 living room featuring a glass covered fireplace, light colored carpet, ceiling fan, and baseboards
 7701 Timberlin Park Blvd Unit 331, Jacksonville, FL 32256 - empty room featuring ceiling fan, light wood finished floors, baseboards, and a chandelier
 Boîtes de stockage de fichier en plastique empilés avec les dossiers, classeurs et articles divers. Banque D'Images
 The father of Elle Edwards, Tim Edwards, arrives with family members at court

...

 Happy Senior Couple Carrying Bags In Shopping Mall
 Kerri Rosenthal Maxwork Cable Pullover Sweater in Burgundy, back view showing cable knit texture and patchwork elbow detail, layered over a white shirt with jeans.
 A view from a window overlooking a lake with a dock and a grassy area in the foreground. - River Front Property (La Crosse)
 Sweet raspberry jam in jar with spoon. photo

> [Exercise]: For this exercise, please output exactly the lines above starting at the line with "living room featuring" and ending at the line with "Boîtes de stockage", ends included.

> [Response to this task]:
 living room featuring a glass covered fireplace, light colored carpet, ceiling fan, and baseboards
 7701 Timberlin Park Blvd Unit 331, Jacksonville, FL 32256 - empty room featuring ceiling fan, light wood finished floors, baseboards, and a chandelier
 Boîtes de stockage de fichier en plastique empilés avec les dossiers, classeurs et articles divers. Banque D'Images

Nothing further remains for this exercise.